• [Source data]:
Segment Open

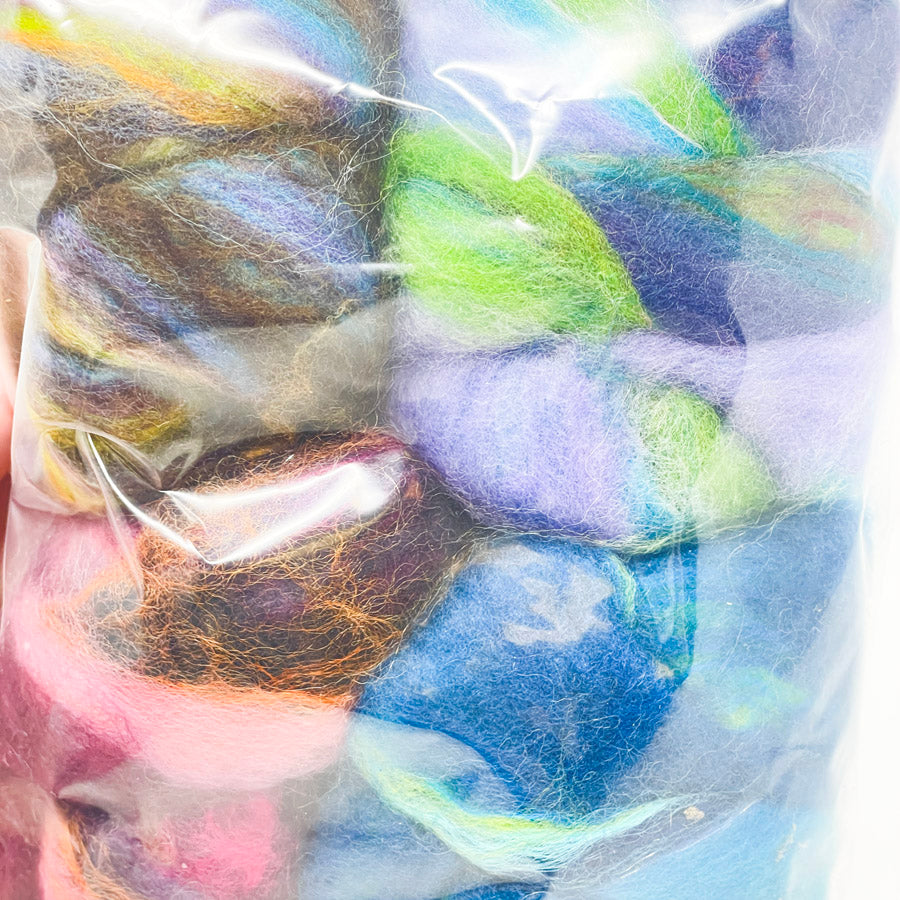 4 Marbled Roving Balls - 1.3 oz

Segment Closed
Segment Open

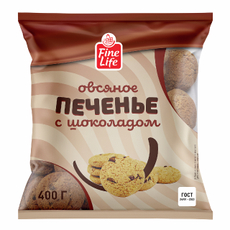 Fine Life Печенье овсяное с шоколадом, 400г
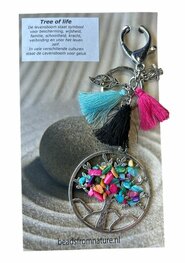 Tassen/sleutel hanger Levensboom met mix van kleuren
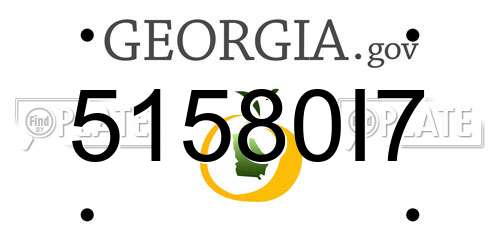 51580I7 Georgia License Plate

Segment Closed

• [What the exercise asks]: Look above for the line with "Fine Life Печенье овсяное с шоколадом, 400г"; quote it and every line after it, stopping after the line with "51580I7 Georgia License Plate", exactly, with nothing added and without pictures.

• [Solution for this problem]:
 Fine Life Печенье овсяное с шоколадом, 400г
 Tassen/sleutel hanger Levensboom met mix van kleuren
 51580I7 Georgia License Plate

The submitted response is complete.